Protein Discovery, Inc. is a privately held life sciences company that develops solutions for molecular research, drug development, and medical diagnostics using high throughput mass spectrometry. Protein Discovery hired MPR’s Technology Group to transform a proof of concept for a proteomics laboratory device and develop it into a prototype for Beta testing. The company's imaging mass spectrometry (IMS) service allows pharmaceutical and biotech customers to gain important insights into disease progression, drug treatment and metabolic response. Protein Discovery is developing a powerful suite of sample preparation products specifically designed to meet the data quality and throughput demands of customers using mass spectrometry in the life sciences industry.
Protein Discovery selected MPR because of the firm's deep expertise in biotech and pharmaceutical technology. Although Protein Discovery had a laboratory proof of concept that it had tested, the company needed MPR's team to develop a method for packaging the technology in the form of a prototype instrument with disposable cartridges. The project's first technical challenge was designing an instrument that could process 96 independent samples at once. Because electrophoresis requires a controlled current to each sample, the team needed to design the instrument to provide independent current control for all 96 samples.
Designing the disposable cartridges used in the instrument also proved to be a challenge. The cartridge wells were designed to keep samples sealed and independent from one another, ensuring no cross contamination. The instrument had to be designed so that each sample would be electrically isolated from the other samples during testing. After testing is completed, the sample capture slides are removed and put into a mass spectrometer for analysis. The capture slides are designed to work directly with the major mass spectrometers available on the market.

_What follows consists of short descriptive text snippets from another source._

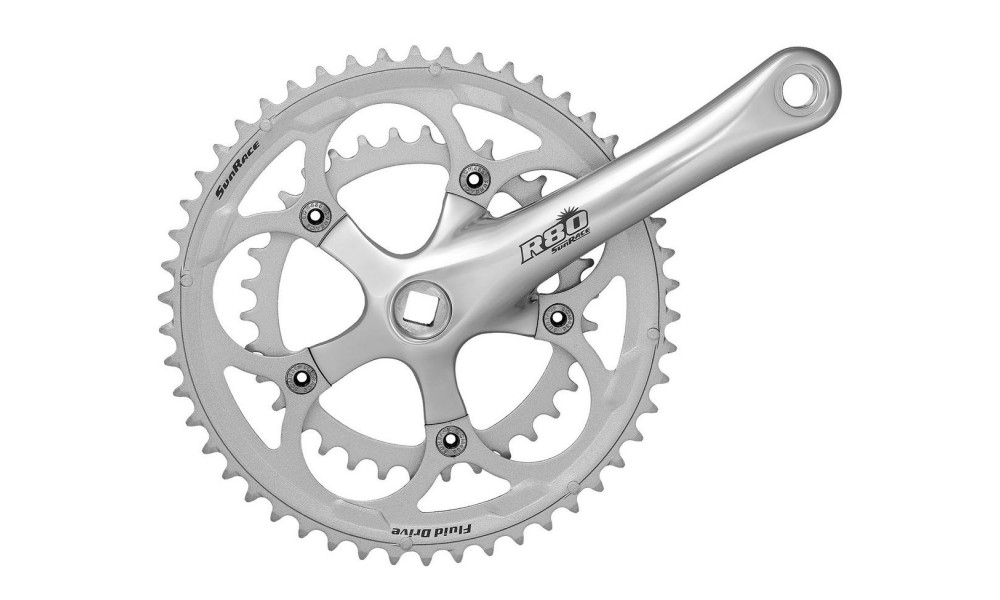 Priekšējais zobratu bloks SunRace FCR86 50x34T 170mm 2x8-speed 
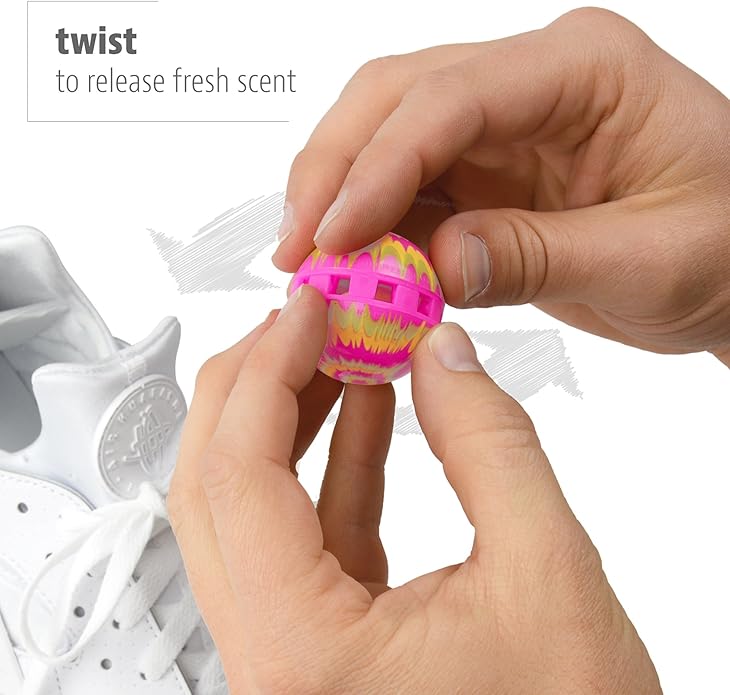 Sneaker Balls Odor-Fighting Shoe Fresheners,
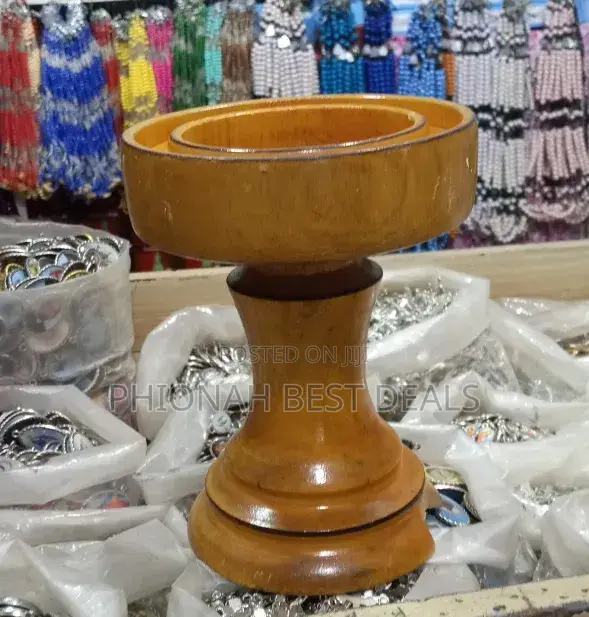 Wooden Candle Holders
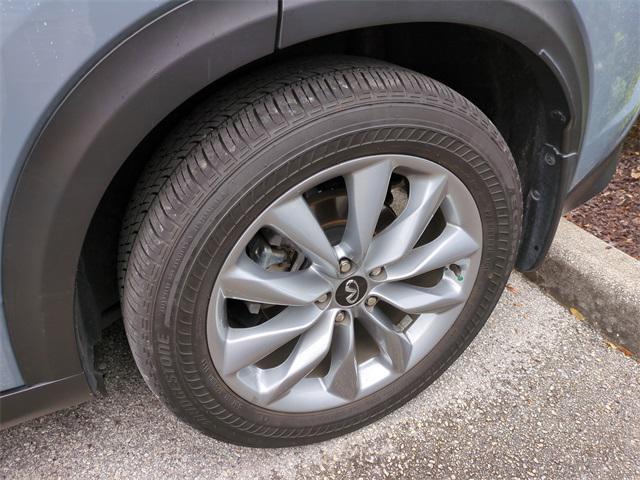 used 2022 INFINITI QX50 car, priced at $27,991
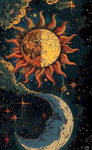 The eclipse of the trio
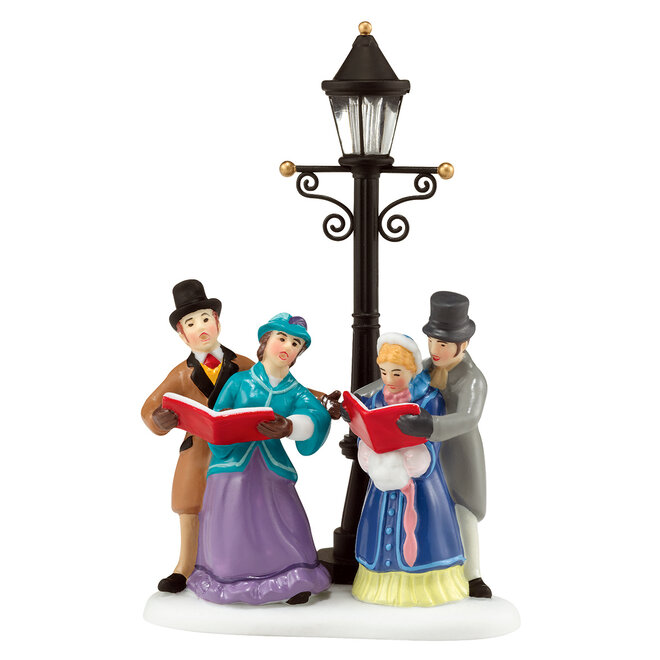 Dickens Village "Caroling by Lamplight"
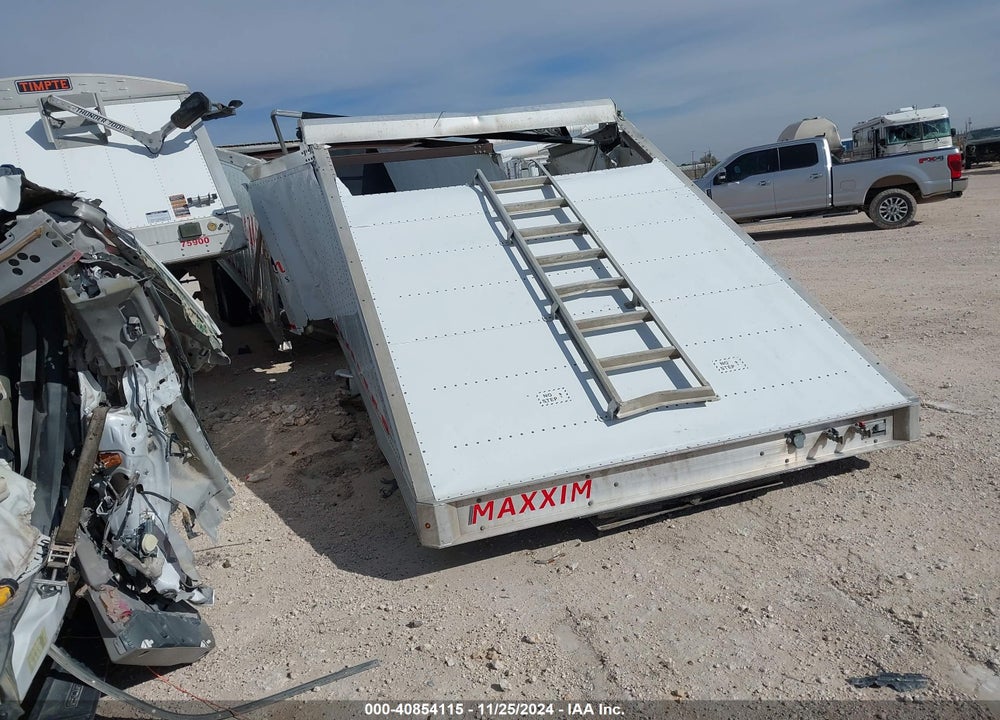 2018 MAXXIM INDUSTRIES TRAILER VIN: 3M9KS4020JL084186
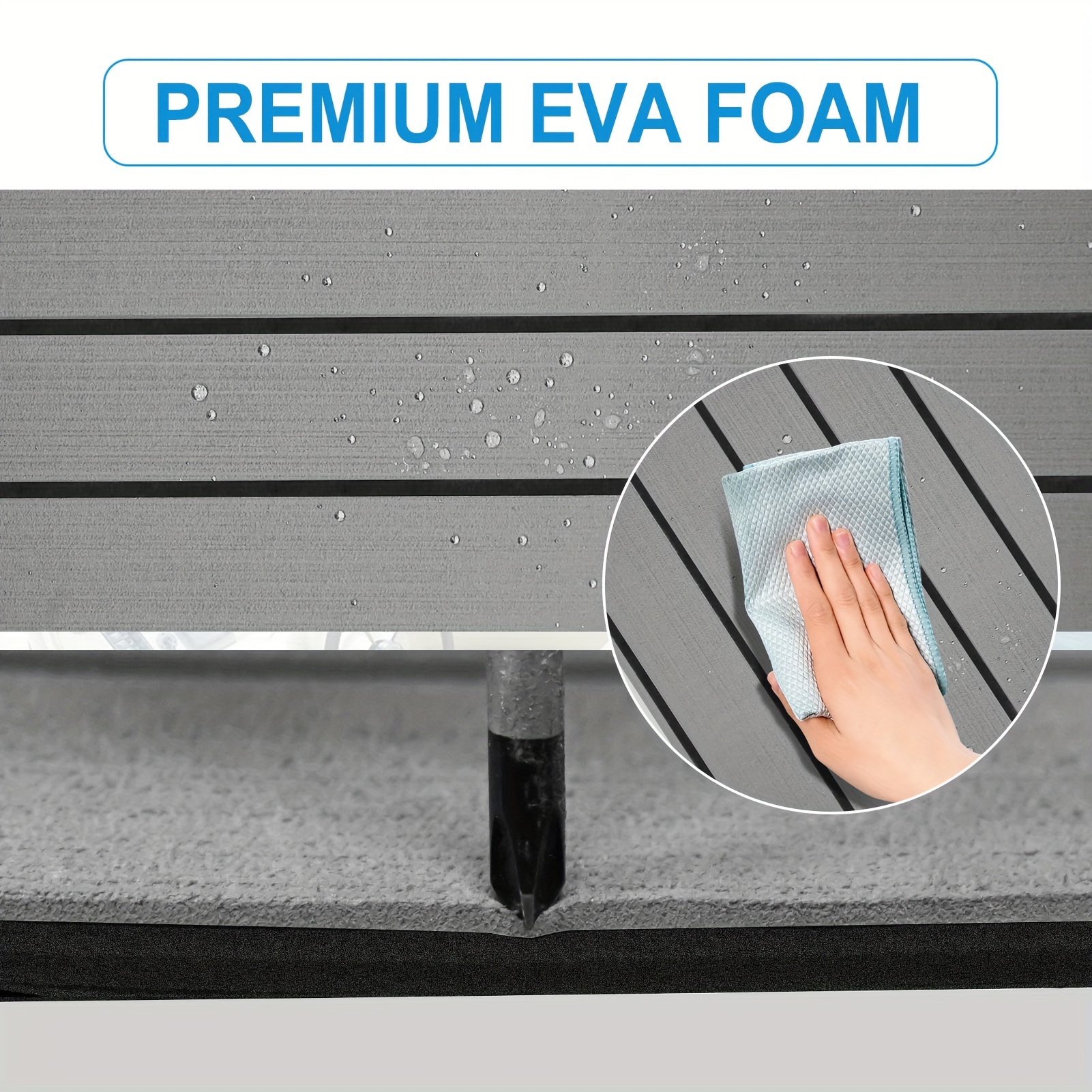 1200*410mm EVA Foam Boat Floor – Eva Foam Sheet Bewertung und Preis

The project also included software challenges, such as the client's desire to have a separate user interface running on a windows PC.
Using MPR's distinctive product development process, MPR’s multi-disciplined team started from scratch to identify and develop the requirements for the instrument and disposable cartridges, using the client's proof of concept. They then developed a conceptual design for testing and evaluation.
Meeting the software challenge, MPR designed a built-in graphical user interface that would allow the person conducting the test to communicate with the instrument via an Ethernet connection. This required designing software to control the process of testing 96 separate channels and providing information back to the user in real time as the testing occurred.
MPR designed and built 12 identical prototype instruments for use in Beta testing. Because the prototype was built with an extensive computer software program, the end user has the flexibility to determine what type of test to run on each of the 96 samples.
While Beta testing is under way, MPR's client expects this first-of-its-kind instrument to be favorably received by its test participants, which include pharmaceutical companies conducting drug discovery research and university research laboratories. Following the Beta testing, the client expects to introduce to market in late 2006 a working system that will dramatically increase productivity in the area of imaging mass spectrometry. The project, which started with a proof of concept and concluded with prototype production, was completed in just under a year's time.